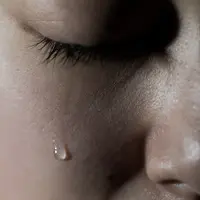 Wanita Jepang rela membayar pria tampan untuk menemaninya menangis, kenapa ya? (Sumber Foto: dailynewsegypt)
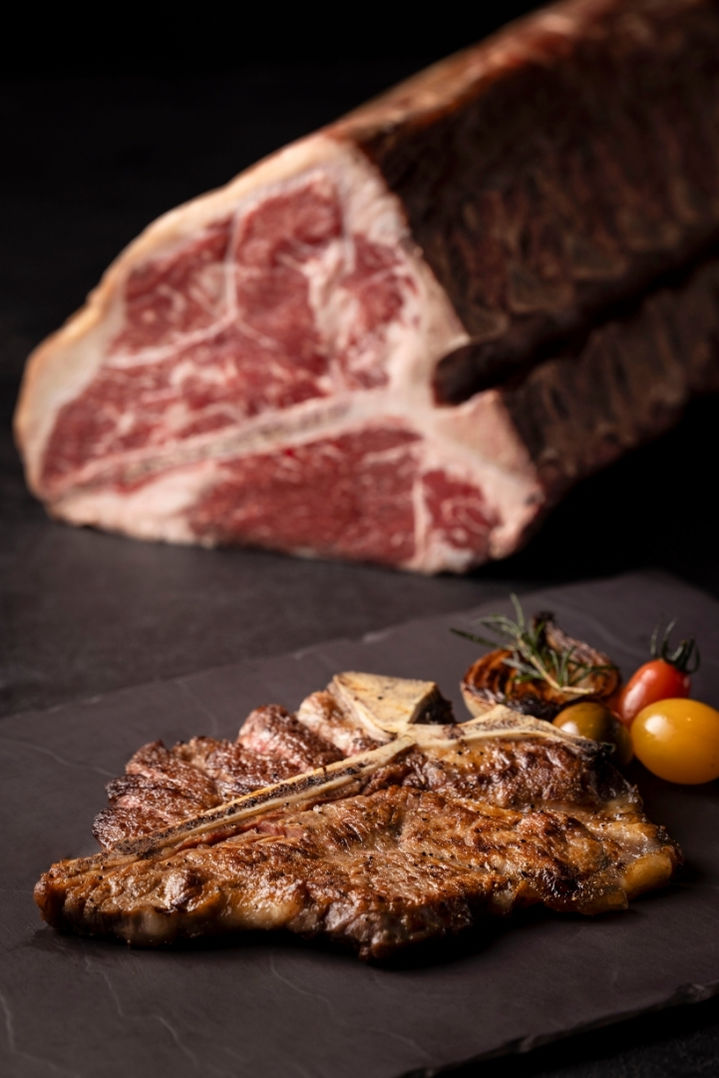 ‘캠프스톡’ 활용 숙성 스테이크…그랜드 하얏트 서울[미각지대]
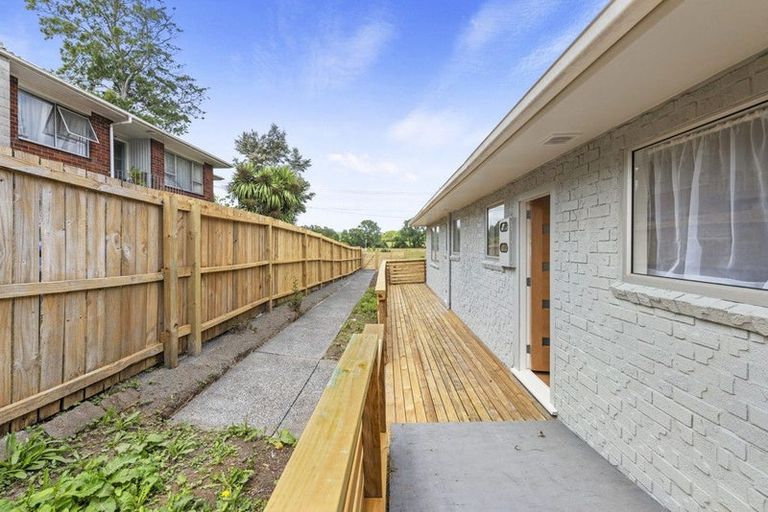 Photo of property in 104 Parrs Cross Road, Sunnyvale, Auckland, 0612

━━━━━━━━━━━━━━━━

■ Exercise prompt
Please transcribe the lines from the one containing "스테이크…그랜드 하얏트 서울[미각지대]" to the last line of the listing, both included, exactly and with nothing added, leaving every picture out.

■ Response for this exercise
 ‘캠프스톡’ 활용 숙성 스테이크…그랜드 하얏트 서울[미각지대]
 Photo of property in 104 Parrs Cross Road, Sunnyvale, Auckland, 0612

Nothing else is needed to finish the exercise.